Она послушалась. Заморгала, скрывая, как мне показалось, слезы. Но, в любом случае, заморгала часто-часто. Сорвалась с места и бросилась в спальню, что показалось странным. Представлялось, что я на этот счет свое отношение выказал весьма ясно.
Потом я услышал, как со стуком захлопнулась дверь ванной и лязгнула щеколда.
Это многое прояснило.
Когда она решилась выйти, прошло около двух часов.

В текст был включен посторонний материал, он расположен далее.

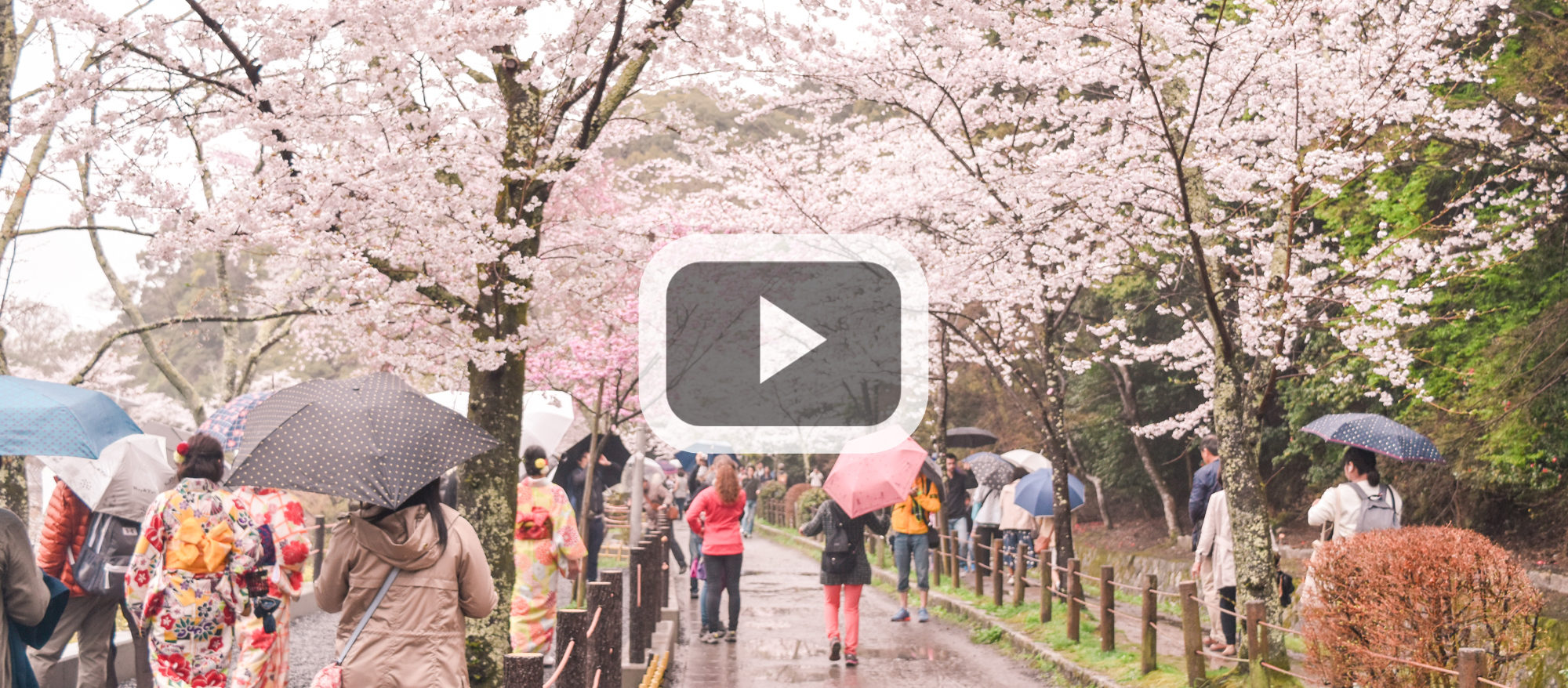 Travel Video: Spring in Japan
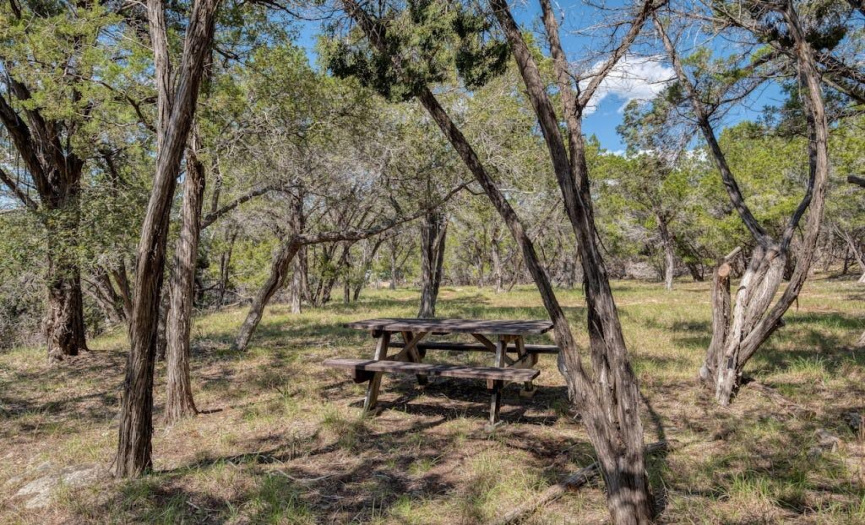 000 Cripple Creek Stage RD, Dripping Springs, Texas 78620, ,Farm,For Sale,Cripple Creek Stage,ACT1394906
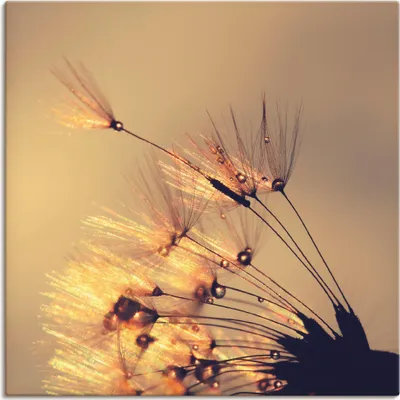 Produktbild von Julia Delgado: Pusteblume Goldene Schirmchen, Produkt:Leinwand, Größe (HxB):40x40 cm / Leinwand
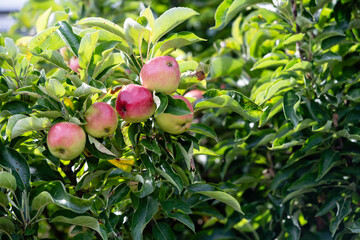 Erntezeit im Alten Land bei Hamburg, die Äpfel Malus sind reif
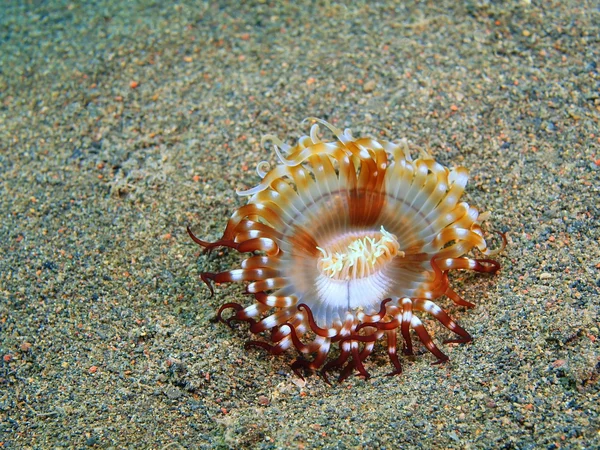 海洋中的海葵，巴厘岛，巴厘岛 Jati — 图库照片
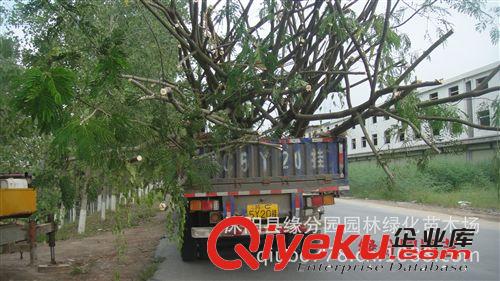 現(xiàn)貨供應(yīng)胸徑10分合歡，量大優(yōu)惠原始圖片3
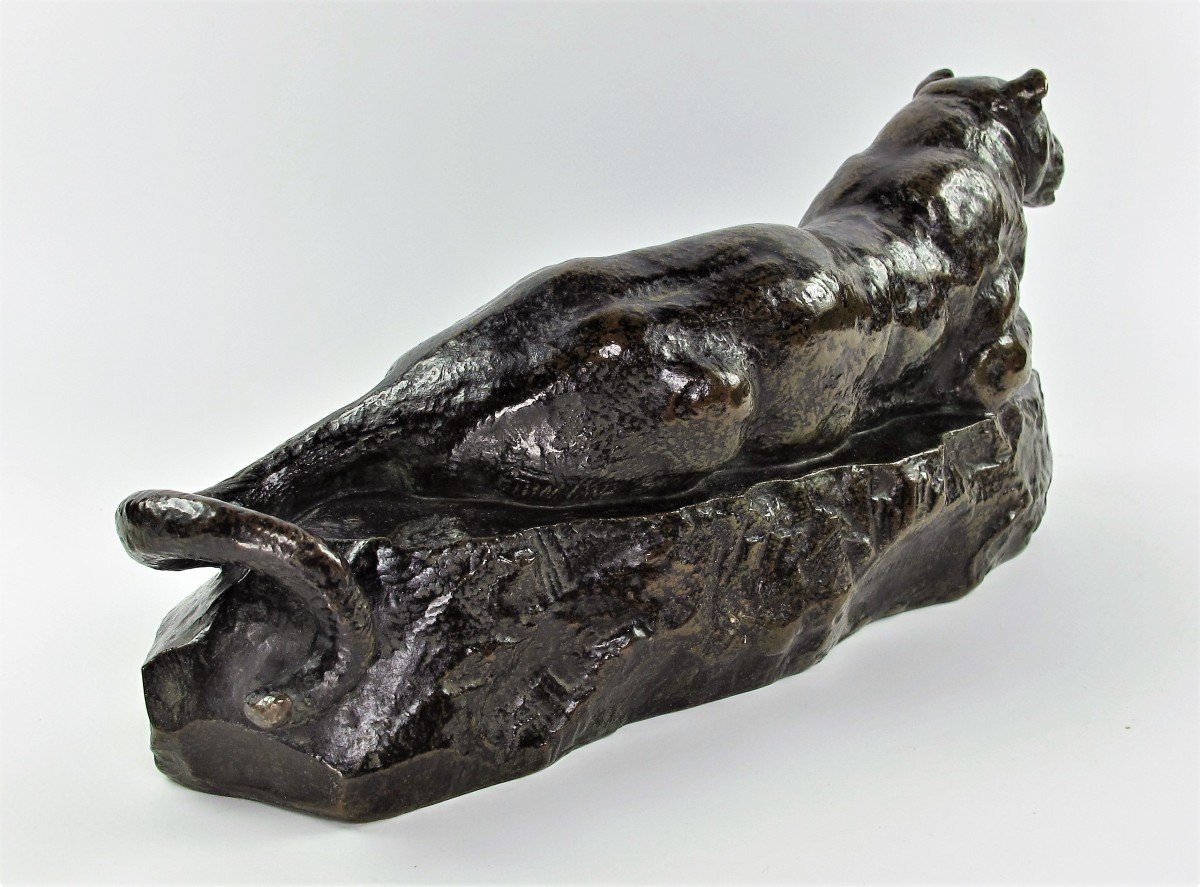 Bronze By Antoine-louis Barye (1795-1875)  Panthère De Tunis N°1-photo-4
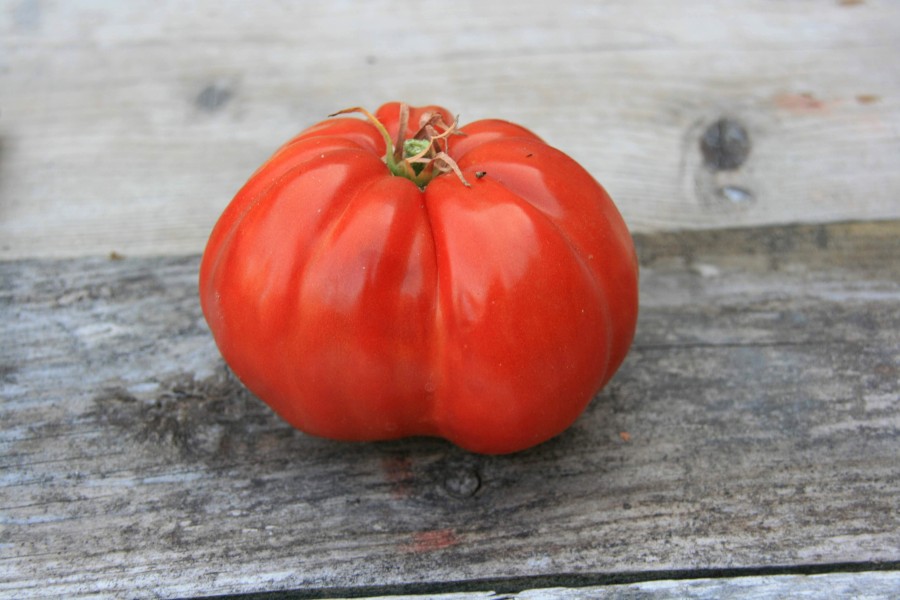 grosses-tomates-lb
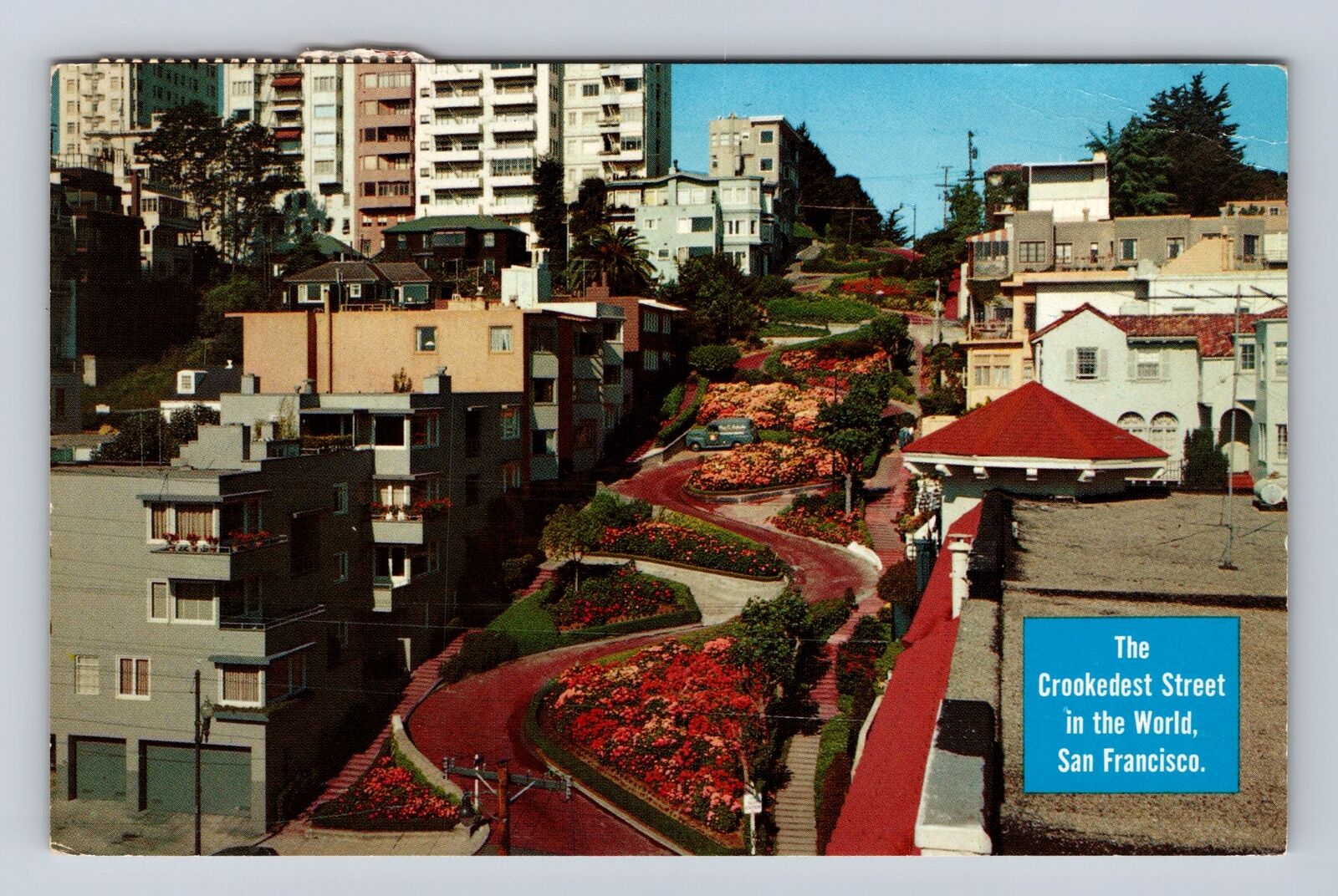 San Francisco CA- California, Lomard Street, Advertisement, Vintage Postcard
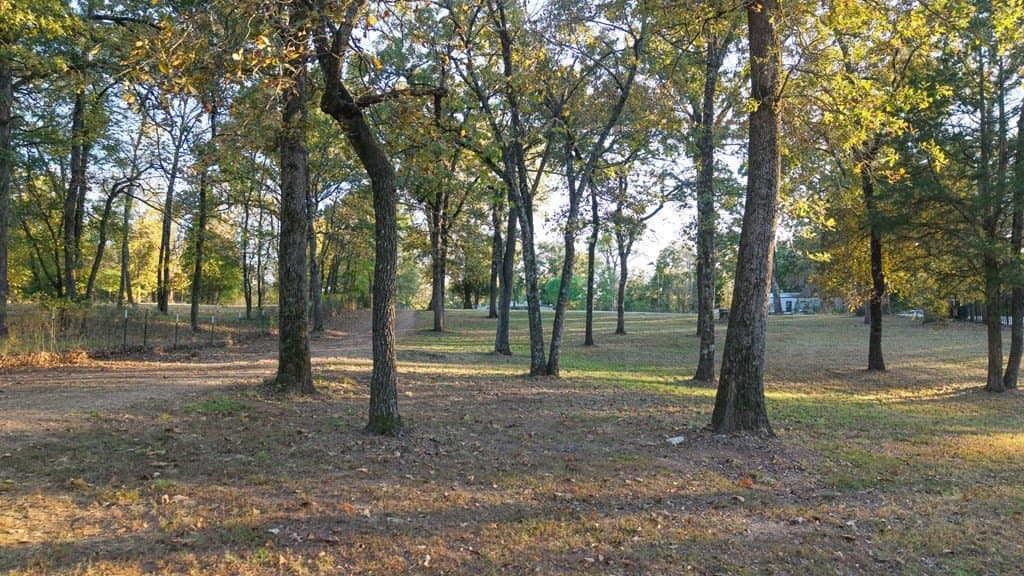 3.4 acres in Henderson County - photo 13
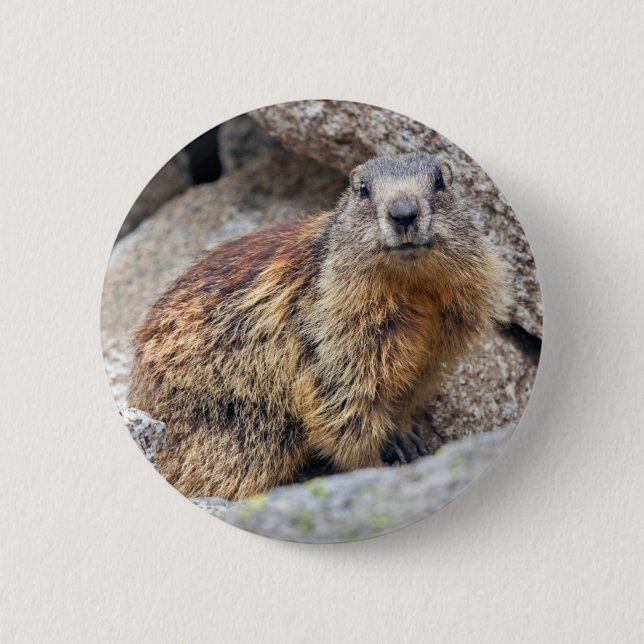 Alpine Marmot Badge Pinback Button (Front)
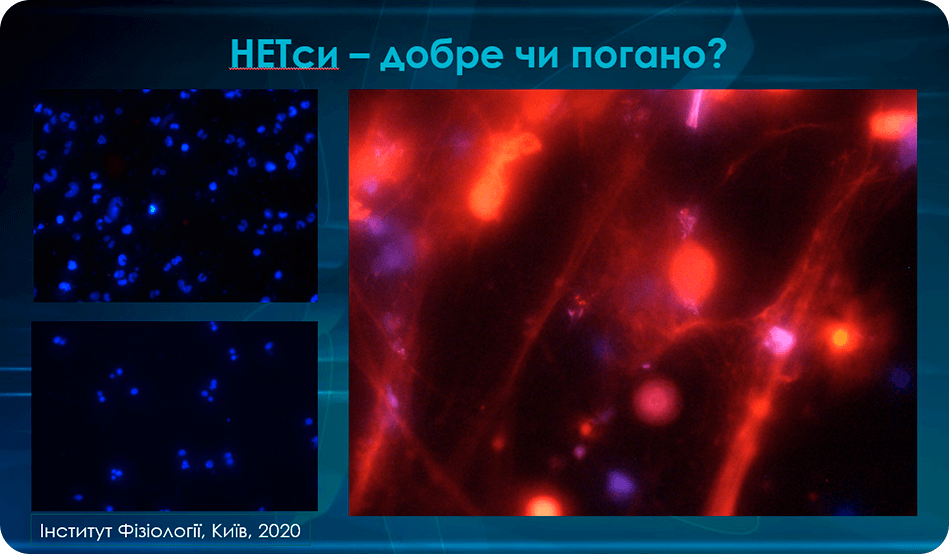 Дисертація - Дубровський Євген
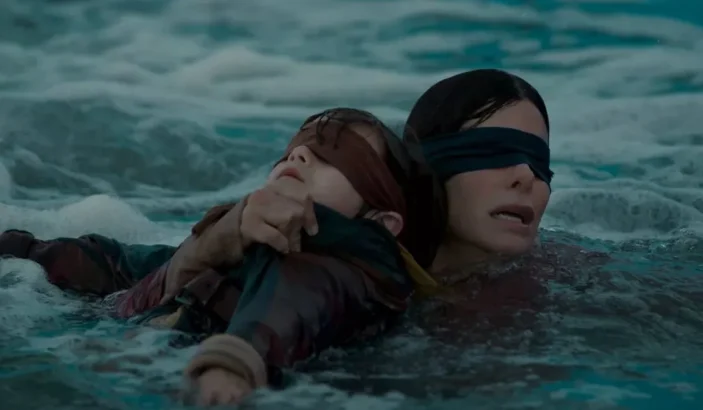 Scene from Bird Box on Netflix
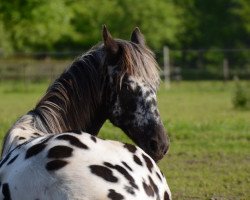 Pferd Maxima van Ederveen (Appaloosa, 2013, von Anne)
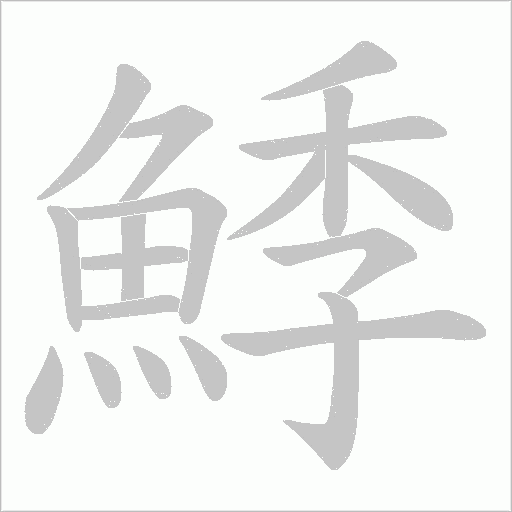 鯚的筆順動(dòng)畫演示
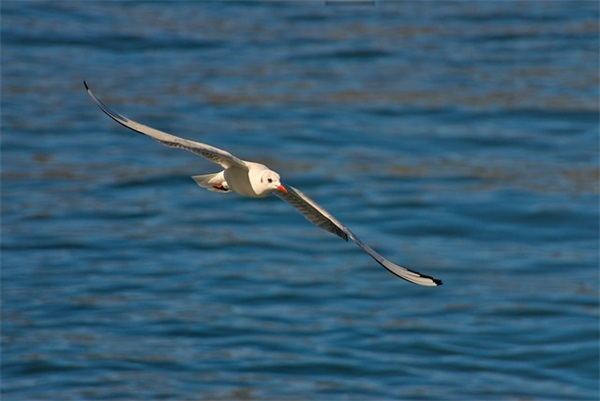 抖音最火吸粉签名简短又有个性汇总(精选61句)
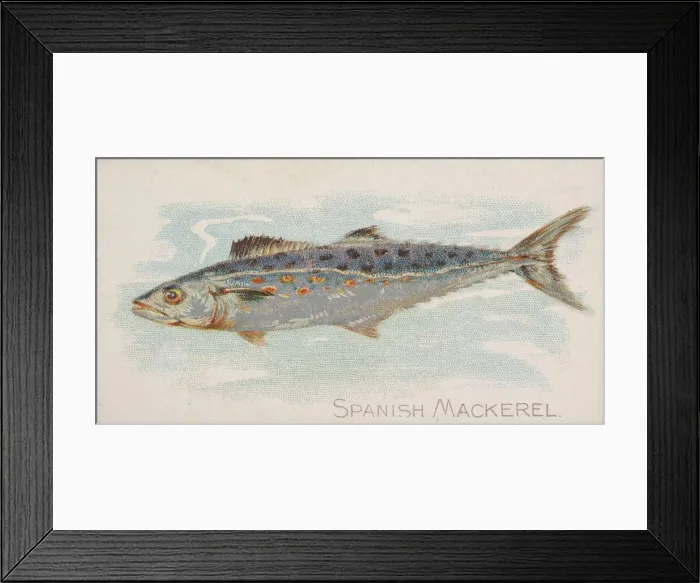 Framed Print : Spanish Mackerel, from the Fish from American Waters series (N8) for Allen & Framed Print : Spanish Mackerel, from the Fish from American Waters series (N8) for Allen &
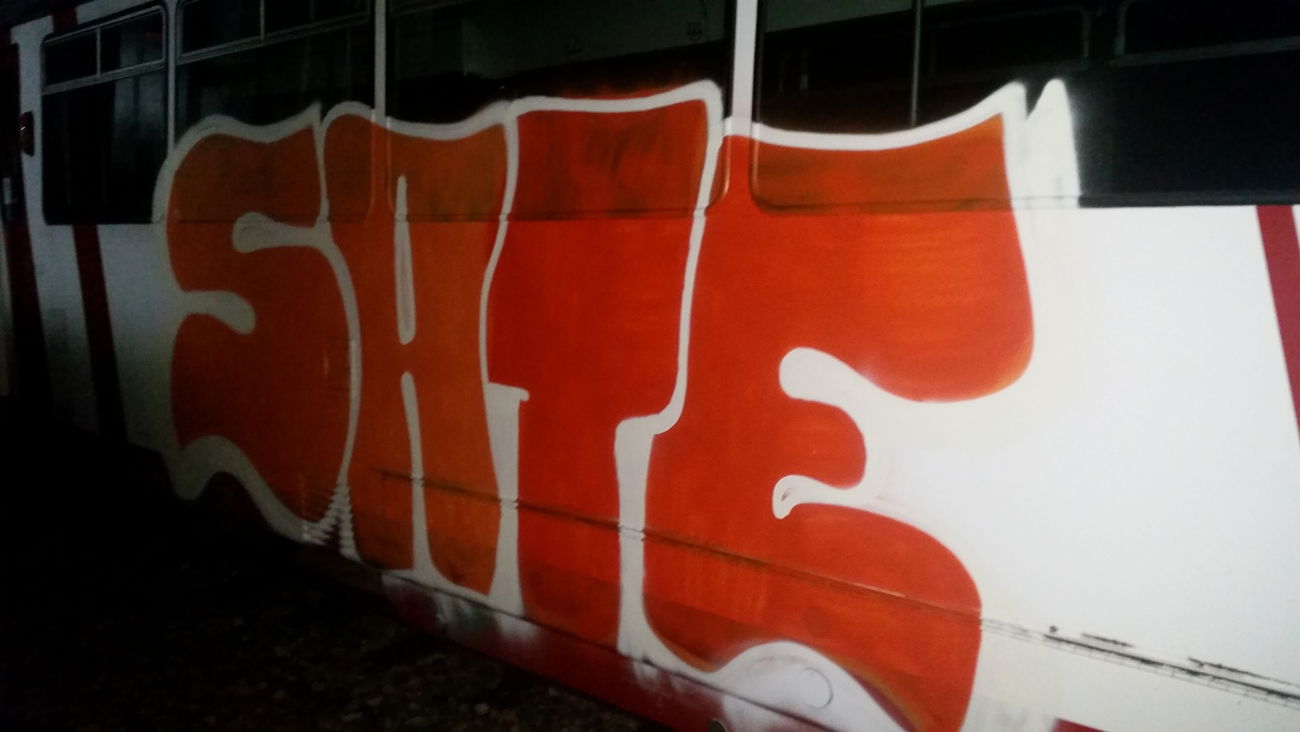 Graffiti Train - Photo by lockigflockig - sate, Heidelberg, tram (2015)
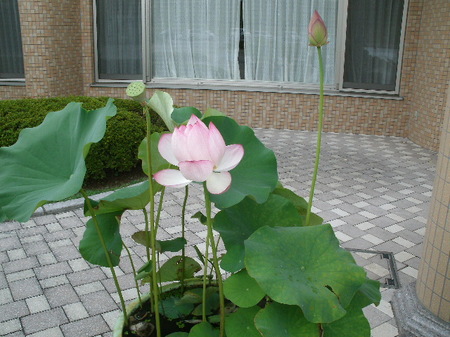 GEDC3506.JPG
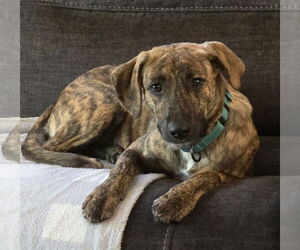 Mutt Dogs for adoption in Woodbury, NY, USA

Я сидел под угловой лампой, читал роман, действие которого проходило во времена Второй мировой войны. Постарался не особо уделять внимание ее присутствию.
Она встала рядом, того и гляди готовая взорваться всеми своими эмоциями, какими бы те ни были. Я чувствовал, как энергия волнами исходит от нее. Напористость. Однако она молчала.
Легким кивком я указал на диван, где выложил старую пижамную пару Лорри.
А-а, взял и выдал секрет! Майре я сказал, что уложил в коробки всю одежду Лорри. А сам почему-то оставил ящики комода полными нижнего белья и пижам, как бы причисленных к иной, не одежной, категории. Сделал вид, что они – не в счет.
Вида сбросила с себя пальто и швырнула его на спинку дивана. Боковым зрением я замечал, как она оглядывалась, стараясь уловить, не подглядываю ли я. Я не подглядывал. Вида надела пижаму моей жены и забралась под предоставленное одеяло.